Now back to the Alien-Dog scenes, about which Bottin has shared in the past:

“It got to the point where I was thinking ‘if I have to do another stinking mechanical dog, I’ll go nuts!…I’d already done The Howling, and I didn’t want to see another dog! I didn’t care if it was mutated, I didn’t care if it was riding a skateboard. And I did not want to do Cujo either. No more dogs!”

Agreed, “no more dogs” will ever be as monstrously menacing as those seen in THE THING. Props go to the head honcho, John Carpenter, who actually oversaw a number of other exorbitant FX set-pieces, including the use of stop motion animation, but because his bullshit meter is so damn keen, he discarded many sequences that looked to fake to be taken seriously.
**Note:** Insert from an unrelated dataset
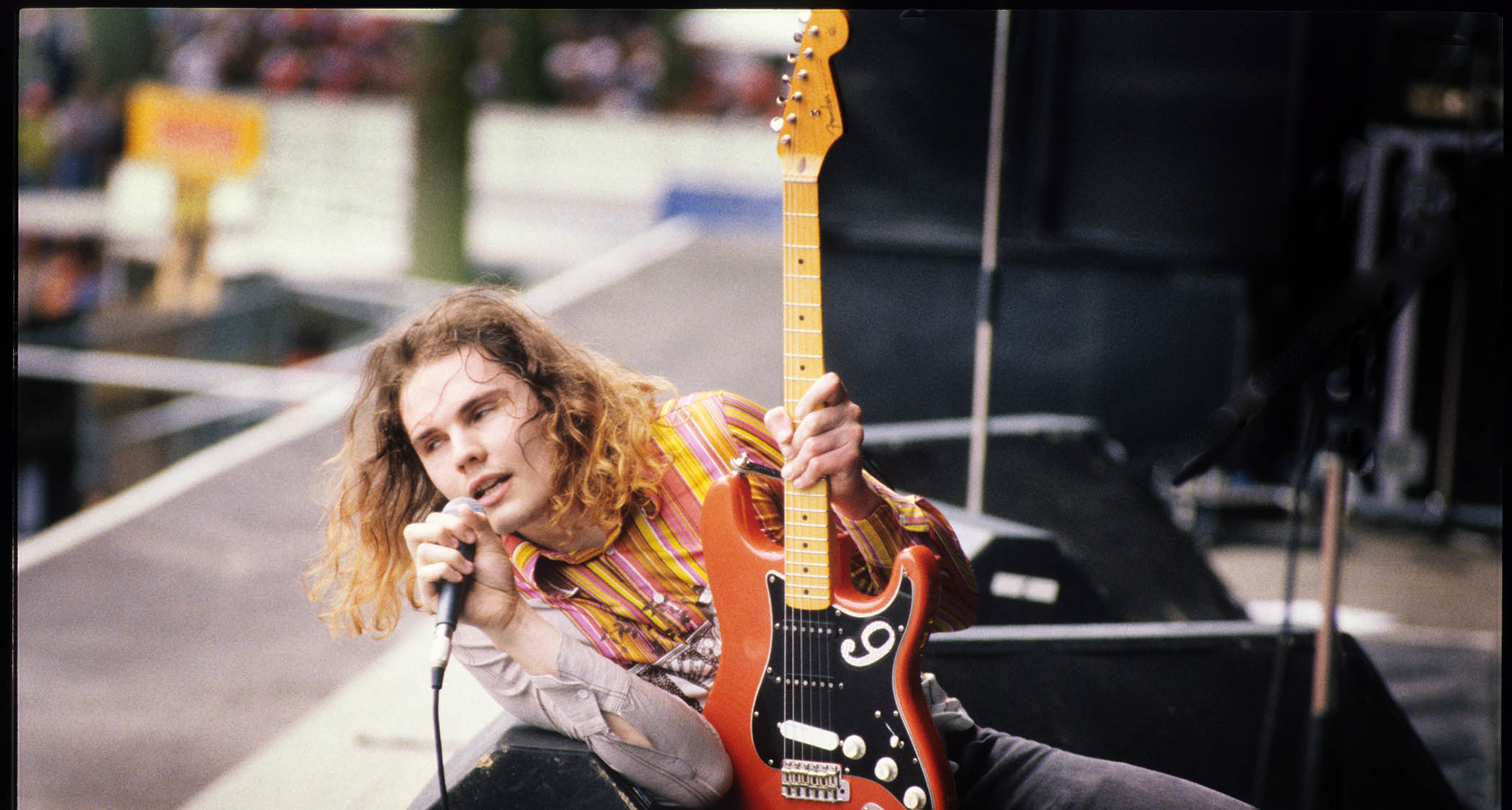 Billy Corgan of the Smashing Pumpkins with long-hair, back in 1992, lies on the stage with his orange-red Strat and sings into the mic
So, it’s not just the work of Bottin and his crew, it’s the deliberation of what to use and what not to use by Carpenter that, in the end, makes THE THING the inviolable paragon of sci-fi/horror VFX.

Now on to the provocatively ambiguous ending of the film…

Let’s start with the $64,000 question? Do you think Childs is an imitation? How about MacReady? In the end, do you think they’re both human? Both alien? Well, this subtly shrouded secret has been generating heartened debates for years, with many taking one side of the argument or another. One popular theory seems to posit that, yes, since Childs cannot be seen exhaling his own breath in subzero weather, at least not as prominently as MacReady, that he is in fact an imitation. But not so fast. According to Keith David himself, he had this to say during a 2008 horror convention:

“Well, I don’t know about (Kurt Russell), but it sure as hell wasn’t me.”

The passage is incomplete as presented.